Minimal Reproduction
import pandas as pd
import graphistry
# Create graph with only string columns
nodes = pd.DataFrame([
['node_1', 'TypeA', 'CategoryX'],
['node_2', 'TypeB', 'CategoryY'],
['node_3', 'TypeA', 'CategoryX'],
['node_4', 'TypeC', 'CategoryZ'],
['node_5', 'TypeB', 'CategoryY'],
['node_6', 'TypeA', 'CategoryX'],
], columns=['id', 'type', 'category'])
edges = pd.DataFrame([
['node_1', 'node_2'],
['node_2', 'node_3'],
['node_3', 'node_4'],
['node_4', 'node_5'],
['node_5', 'node_6'],
], columns=['src', 'dst'])
g = graphistry.nodes(nodes, 'id').edges(edges, 'src', 'dst')

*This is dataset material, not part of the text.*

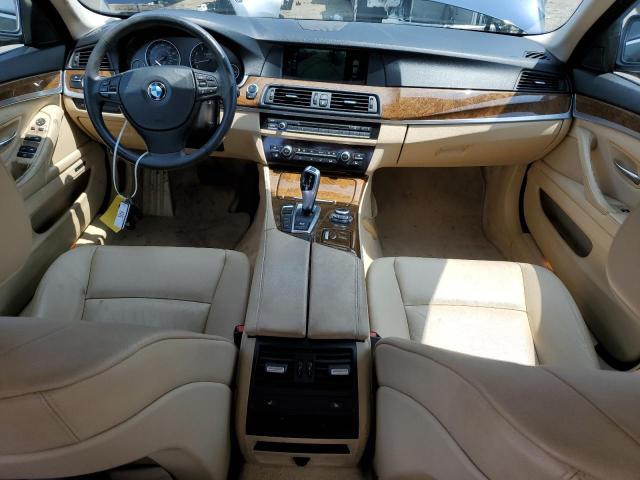 Photo 8 from auction – 2013 BMW 535 XI with VIN WBAFU7C58DDU71825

# This fails with unclear error
g2 = g.umap(n_components=2, n_neighbors=3, engine='umap_learn')
Error Traceback
-*-*- DataFrame is not numeric and no skrub, dropping non-numeric
* Ignoring target column of shape (6, 0) in UMAP fit, as it is not one dimensional
Traceback (most recent call last):
File "/tmp/test.py", line 18, in umap
res = res._process_umap(
File ".../graphistry/umap_utils.py", line 573, in _process_umap
emb = res._umap_fit_transform(X_, y_, umap_fit_kwargs, umap_transform_kwargs)
File ".../graphistry/umap_utils.py", line 376, in _umap_fit_transform
self.umap_fit(X, y, umap_fit_kwargs)
File ".../graphistry/umap_utils.py", line 353, in umap_fit
self._umap.fit(X, y, **umap_fit_kwargs)
File ".../umap/umap_.py", line 2372, in fit
X = check_array(...)
File ".../sklearn/utils/validation.py", line 778, in check_array
dtype_orig = np.result_type(*dtypes_orig)

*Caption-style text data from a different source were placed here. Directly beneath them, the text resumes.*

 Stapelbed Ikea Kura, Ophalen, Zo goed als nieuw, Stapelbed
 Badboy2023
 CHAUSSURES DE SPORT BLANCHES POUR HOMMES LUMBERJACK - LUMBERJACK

ValueError: at least one array or dtype is required
Root Cause
File: graphistry/feature_utils.py
(line 1030-1033)
PyGraphistry's intended behavior when feature_engine='auto'
and skrub
is not installed:
- Drop all non-numeric columns with warning:
"DataFrame is not numeric and no skrub, dropping non-numeric"
- Continue with numeric columns only
The bug: When ALL columns are non-numeric, the code drops everything but doesn't validate that features remain:
# feature_utils.py:1030-1033
elif not all_numeric and (not has_skrub or feature_engine in ["pandas", "none"]):
numeric_ndf = ndf.select_dtypes(include=[np.number])
logger.warning("-*-*- DataFrame is not numeric and no skrub, dropping non-numeric")
X_enc, _, data_encoder, _ = get_numeric_transformers(numeric_ndf, None)
# numeric_ndf can be empty (0 columns)! No validation here.
When numeric_ndf
is empty, it gets passed to sklearn's UMAP which fails with:
ValueError: at least one array or dtype is required
Expected Behavior
Should raise a clear, actionable error message that:
- Explains what happened (zero numeric columns)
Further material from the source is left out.